*Your task*: Somewhere below, one line contains "Feather & Bling Heels - New - Picture 5 of 7" and a later line contains "2025 Ducati MULTISTRADA V4S TRAVEL & RADAR". Output those two lines and everything between them exactly, and nothing else.

*Data to use*:
--- START ---

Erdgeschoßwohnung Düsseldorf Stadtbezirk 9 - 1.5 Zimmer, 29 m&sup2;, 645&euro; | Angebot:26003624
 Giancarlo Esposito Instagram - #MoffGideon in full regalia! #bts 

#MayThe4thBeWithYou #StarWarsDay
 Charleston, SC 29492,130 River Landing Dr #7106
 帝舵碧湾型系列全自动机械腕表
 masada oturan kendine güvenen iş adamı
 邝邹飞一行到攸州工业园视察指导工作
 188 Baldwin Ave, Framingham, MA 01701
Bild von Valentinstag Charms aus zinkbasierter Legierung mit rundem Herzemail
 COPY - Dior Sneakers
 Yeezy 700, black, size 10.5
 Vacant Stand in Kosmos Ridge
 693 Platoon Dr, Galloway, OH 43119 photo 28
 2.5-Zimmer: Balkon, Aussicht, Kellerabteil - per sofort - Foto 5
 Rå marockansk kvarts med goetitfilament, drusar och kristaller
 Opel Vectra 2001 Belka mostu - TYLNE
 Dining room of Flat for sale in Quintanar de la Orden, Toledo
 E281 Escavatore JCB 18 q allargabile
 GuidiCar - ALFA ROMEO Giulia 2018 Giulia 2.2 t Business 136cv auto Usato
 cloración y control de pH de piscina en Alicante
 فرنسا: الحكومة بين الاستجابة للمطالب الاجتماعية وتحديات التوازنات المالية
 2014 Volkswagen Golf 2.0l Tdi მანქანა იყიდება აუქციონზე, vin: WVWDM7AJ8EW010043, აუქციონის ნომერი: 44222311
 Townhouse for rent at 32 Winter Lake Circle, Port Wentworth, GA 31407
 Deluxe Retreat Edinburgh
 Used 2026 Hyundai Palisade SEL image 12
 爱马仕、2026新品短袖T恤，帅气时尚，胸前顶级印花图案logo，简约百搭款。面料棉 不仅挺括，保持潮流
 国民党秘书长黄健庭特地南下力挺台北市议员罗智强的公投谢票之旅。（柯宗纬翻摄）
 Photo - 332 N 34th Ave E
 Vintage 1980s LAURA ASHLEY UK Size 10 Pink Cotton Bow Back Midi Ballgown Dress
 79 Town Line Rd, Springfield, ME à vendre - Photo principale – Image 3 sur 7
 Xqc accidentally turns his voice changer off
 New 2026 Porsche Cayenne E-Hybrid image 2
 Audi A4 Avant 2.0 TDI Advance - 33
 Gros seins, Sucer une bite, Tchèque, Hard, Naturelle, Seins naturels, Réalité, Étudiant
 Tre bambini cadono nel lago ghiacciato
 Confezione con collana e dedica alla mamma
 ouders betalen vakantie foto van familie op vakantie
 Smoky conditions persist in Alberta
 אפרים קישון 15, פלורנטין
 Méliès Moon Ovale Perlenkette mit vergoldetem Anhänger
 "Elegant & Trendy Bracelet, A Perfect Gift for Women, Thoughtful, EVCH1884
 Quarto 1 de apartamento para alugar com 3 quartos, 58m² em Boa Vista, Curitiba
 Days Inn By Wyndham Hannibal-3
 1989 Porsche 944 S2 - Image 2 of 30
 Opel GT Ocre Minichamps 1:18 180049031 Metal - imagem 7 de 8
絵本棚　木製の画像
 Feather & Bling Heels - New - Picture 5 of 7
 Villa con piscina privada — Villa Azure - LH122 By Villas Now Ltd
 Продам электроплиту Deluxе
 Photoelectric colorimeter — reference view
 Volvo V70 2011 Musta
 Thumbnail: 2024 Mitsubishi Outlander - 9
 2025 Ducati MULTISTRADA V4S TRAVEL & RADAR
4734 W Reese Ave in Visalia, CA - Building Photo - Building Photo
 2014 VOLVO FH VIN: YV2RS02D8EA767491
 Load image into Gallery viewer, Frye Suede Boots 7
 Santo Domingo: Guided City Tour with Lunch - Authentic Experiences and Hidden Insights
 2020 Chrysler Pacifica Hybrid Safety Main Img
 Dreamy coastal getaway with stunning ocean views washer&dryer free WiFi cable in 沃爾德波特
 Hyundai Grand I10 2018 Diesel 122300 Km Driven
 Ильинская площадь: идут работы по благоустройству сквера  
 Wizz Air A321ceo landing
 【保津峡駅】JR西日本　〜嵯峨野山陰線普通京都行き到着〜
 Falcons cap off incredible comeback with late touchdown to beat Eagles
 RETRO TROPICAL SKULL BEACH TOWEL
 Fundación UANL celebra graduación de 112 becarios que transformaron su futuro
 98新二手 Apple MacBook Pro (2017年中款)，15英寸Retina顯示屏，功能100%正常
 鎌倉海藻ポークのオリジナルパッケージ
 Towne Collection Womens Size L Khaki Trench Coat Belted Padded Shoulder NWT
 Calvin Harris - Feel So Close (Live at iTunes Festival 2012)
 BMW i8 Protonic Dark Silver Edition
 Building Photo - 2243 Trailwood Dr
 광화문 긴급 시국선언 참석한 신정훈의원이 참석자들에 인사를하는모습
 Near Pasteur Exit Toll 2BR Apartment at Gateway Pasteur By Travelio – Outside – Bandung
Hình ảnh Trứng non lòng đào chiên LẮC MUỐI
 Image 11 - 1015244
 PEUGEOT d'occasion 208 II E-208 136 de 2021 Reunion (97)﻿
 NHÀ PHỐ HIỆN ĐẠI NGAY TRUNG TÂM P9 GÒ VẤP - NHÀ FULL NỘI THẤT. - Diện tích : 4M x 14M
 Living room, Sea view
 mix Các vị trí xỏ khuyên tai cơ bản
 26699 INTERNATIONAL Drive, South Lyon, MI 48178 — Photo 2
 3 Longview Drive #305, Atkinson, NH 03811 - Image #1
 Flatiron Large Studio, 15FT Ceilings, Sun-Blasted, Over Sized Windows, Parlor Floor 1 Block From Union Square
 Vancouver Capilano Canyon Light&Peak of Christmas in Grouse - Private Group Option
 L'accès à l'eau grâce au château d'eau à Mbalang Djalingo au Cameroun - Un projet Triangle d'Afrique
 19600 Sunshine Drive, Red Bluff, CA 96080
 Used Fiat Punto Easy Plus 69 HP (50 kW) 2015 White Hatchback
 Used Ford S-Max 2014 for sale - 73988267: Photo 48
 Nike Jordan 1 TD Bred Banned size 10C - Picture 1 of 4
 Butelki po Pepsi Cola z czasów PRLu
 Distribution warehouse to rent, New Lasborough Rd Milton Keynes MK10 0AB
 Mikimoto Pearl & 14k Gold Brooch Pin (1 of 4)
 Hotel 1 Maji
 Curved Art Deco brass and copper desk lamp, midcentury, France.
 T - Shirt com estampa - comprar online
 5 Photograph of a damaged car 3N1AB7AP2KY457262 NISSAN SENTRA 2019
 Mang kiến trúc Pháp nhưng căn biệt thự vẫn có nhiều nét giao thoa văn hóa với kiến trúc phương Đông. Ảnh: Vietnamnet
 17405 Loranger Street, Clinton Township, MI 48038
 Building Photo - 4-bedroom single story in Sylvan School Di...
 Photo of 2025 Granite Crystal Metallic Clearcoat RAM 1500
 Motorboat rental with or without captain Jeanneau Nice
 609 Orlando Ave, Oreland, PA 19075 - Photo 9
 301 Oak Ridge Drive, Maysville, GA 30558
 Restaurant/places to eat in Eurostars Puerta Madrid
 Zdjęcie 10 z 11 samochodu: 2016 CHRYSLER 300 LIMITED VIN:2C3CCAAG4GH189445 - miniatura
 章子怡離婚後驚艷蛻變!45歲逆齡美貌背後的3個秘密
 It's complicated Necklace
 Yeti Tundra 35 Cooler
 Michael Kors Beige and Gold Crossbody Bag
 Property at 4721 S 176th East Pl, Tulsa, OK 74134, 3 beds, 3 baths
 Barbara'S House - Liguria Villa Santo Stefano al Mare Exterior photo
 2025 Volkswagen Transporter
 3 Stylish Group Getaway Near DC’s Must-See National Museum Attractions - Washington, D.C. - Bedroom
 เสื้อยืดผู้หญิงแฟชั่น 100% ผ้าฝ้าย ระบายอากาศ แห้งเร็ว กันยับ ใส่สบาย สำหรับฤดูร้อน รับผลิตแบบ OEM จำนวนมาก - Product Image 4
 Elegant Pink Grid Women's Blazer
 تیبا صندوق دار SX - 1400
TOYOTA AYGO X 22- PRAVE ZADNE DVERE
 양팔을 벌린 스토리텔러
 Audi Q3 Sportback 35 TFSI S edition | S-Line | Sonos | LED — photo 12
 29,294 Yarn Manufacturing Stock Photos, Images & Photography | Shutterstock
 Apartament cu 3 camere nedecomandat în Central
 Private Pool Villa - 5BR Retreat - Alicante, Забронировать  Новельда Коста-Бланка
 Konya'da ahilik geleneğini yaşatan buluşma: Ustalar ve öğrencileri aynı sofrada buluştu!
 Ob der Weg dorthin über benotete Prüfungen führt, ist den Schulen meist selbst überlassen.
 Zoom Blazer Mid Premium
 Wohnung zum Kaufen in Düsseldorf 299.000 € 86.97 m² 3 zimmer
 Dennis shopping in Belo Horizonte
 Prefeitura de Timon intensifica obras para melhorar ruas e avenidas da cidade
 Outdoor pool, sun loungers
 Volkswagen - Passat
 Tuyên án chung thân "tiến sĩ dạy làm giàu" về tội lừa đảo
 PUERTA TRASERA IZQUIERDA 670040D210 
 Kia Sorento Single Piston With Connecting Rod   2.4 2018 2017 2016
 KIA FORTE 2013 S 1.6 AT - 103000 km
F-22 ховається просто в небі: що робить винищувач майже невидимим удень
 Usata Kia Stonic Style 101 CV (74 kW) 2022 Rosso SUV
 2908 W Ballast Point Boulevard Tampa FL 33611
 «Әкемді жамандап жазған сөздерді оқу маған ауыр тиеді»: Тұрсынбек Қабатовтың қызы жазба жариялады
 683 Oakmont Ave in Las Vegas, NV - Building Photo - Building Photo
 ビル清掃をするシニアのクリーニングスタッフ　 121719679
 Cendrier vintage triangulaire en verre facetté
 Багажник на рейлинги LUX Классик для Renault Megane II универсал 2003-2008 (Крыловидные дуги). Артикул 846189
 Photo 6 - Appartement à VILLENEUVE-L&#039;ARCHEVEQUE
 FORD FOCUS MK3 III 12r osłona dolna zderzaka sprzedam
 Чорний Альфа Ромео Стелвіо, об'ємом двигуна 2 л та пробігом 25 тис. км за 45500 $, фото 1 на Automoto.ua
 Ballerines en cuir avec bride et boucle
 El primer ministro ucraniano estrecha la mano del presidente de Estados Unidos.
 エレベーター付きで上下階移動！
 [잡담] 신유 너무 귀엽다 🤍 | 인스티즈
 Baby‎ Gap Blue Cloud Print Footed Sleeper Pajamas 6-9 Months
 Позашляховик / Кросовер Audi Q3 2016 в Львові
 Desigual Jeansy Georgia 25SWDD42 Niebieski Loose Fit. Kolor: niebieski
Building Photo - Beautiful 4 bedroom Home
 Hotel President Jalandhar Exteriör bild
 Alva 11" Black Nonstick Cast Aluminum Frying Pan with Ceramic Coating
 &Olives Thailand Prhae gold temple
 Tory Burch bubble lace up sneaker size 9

--- END ---

*Your response*:
 Feather & Bling Heels - New - Picture 5 of 7
 Villa con piscina privada — Villa Azure - LH122 By Villas Now Ltd
 Продам электроплиту Deluxе
 Photoelectric colorimeter — reference view
 Volvo V70 2011 Musta
 Thumbnail: 2024 Mitsubishi Outlander - 9
 2025 Ducati MULTISTRADA V4S TRAVEL & RADAR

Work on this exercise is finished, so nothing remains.